Quantum-Mechanical Correlations and Tsirelson Bound from Geometric Algebra

TL;DR

This paper demonstrates that the Tsirelson bound and quantum correlations are fundamentally geometric in nature, and that local hidden-variable theories can be compatible with quantum mechanics if physical quantities are treated as vectors rather than scalars.

Contribution

It reveals that the derivation of the Tsirelson bound depends on scalar assumptions and shows that vector-valued physical magnitudes can reconcile local hidden-variable theories with quantum mechanics.

Findings

Tsirelson bound has a geometric origin.

Local hidden-variable theories are compatible with QM when using vectors.

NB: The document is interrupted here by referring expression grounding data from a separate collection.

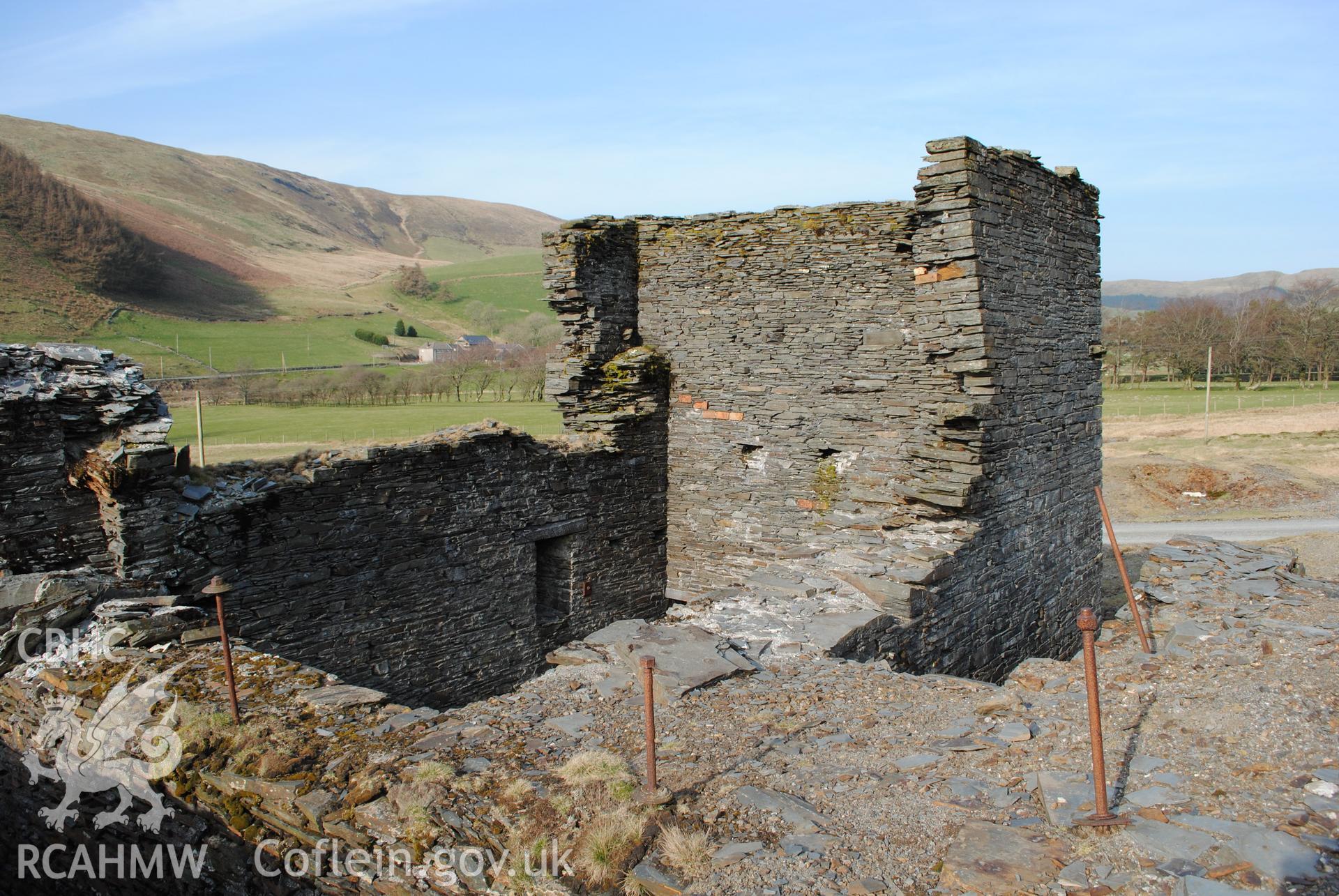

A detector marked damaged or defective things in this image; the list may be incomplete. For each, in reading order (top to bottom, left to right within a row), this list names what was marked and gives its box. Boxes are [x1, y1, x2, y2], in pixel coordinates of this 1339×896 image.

rusted iron stake [202, 575, 242, 723]
rusty metal post [204, 575, 245, 723]
rusty metal post [640, 656, 656, 787]
rusted iron stake [640, 653, 656, 793]
rusted iron stake [1071, 608, 1124, 825]
rusty metal post [1071, 608, 1124, 825]
rusted iron stake [1092, 485, 1156, 653]
rusty metal post [1092, 485, 1156, 653]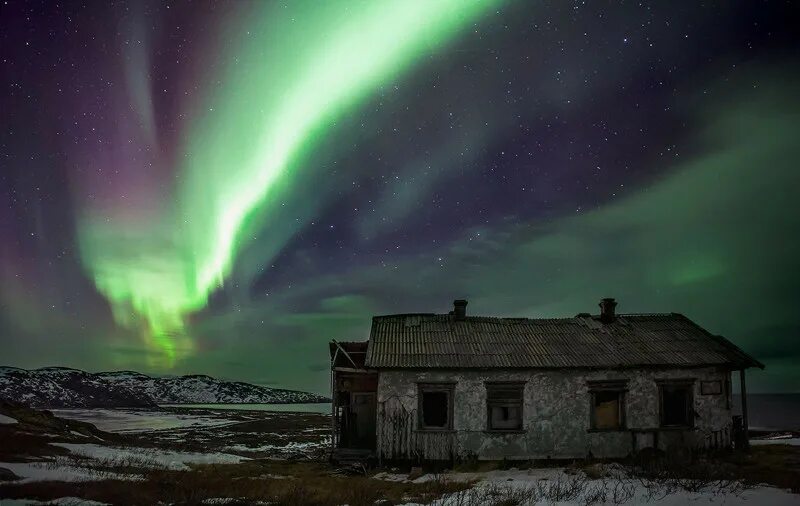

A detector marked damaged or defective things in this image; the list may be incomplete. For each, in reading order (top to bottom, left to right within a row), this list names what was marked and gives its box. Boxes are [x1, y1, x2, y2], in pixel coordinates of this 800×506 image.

broken window [416, 386, 454, 428]
broken window [484, 384, 520, 430]
broken window [588, 380, 624, 430]
broken window [664, 380, 692, 426]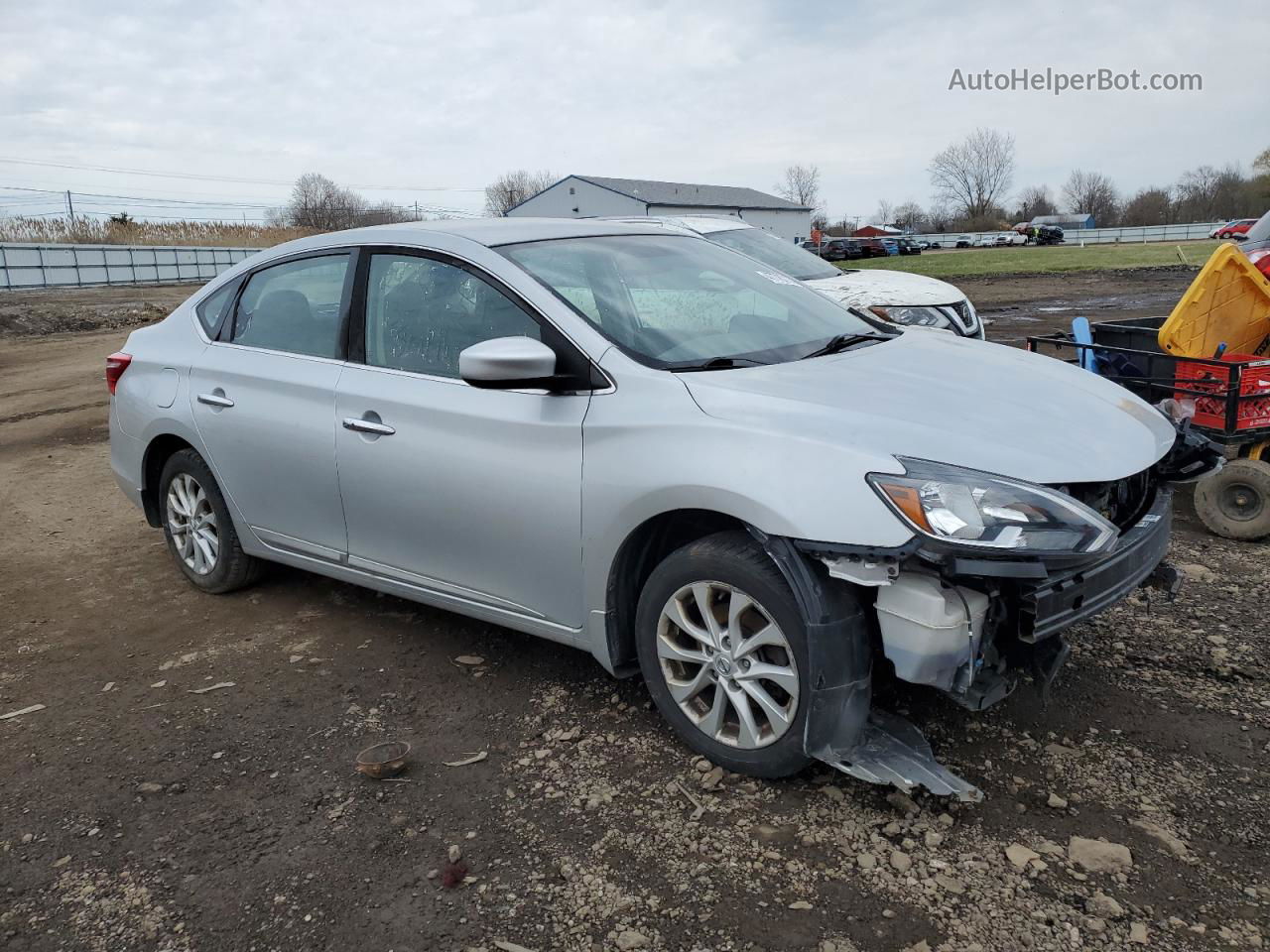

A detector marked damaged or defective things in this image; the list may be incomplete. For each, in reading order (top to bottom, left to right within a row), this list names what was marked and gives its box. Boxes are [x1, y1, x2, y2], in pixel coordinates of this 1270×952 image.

damaged front end of car [751, 420, 1218, 801]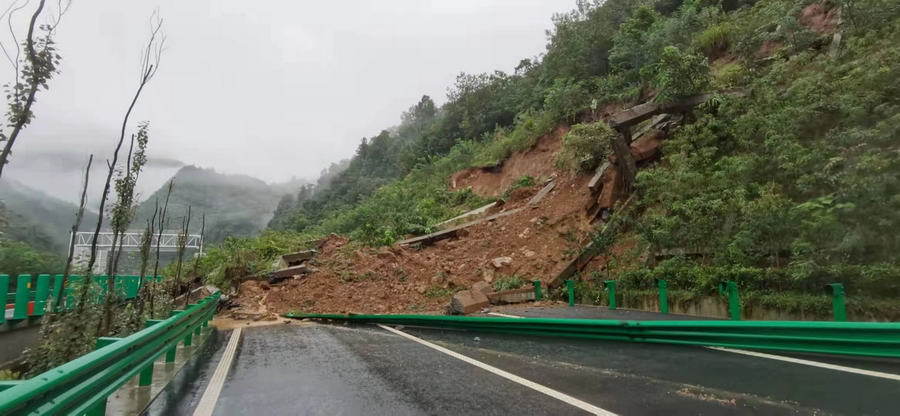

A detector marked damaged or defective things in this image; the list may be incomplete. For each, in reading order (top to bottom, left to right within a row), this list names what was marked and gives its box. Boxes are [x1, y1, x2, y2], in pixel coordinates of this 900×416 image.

Quantum correlations depend on the geometric nature of physical quantities.

Abstract

The Bell-Clauser-Horne-Shimony-Holt inequality can be used to show that no local hidden-variable theory can reproduce the correlations predicted by quantum mechanics (QM). It can be proved that certain QM correlations lead to a violation of the classical bound established by the inequality, while all correlations, QM and classical, respect a QM bound (the Tsirelson bound). Here, we show that these well-known results depend crucially on the assumption that the values of physical magnitudes are scalars. The result implies, first, that the origin of the Tsirelson bound is geometrical, not physical; and, second, that a local hidden-variable theory does not contradict QM if the values of physical magnitudes are vectors.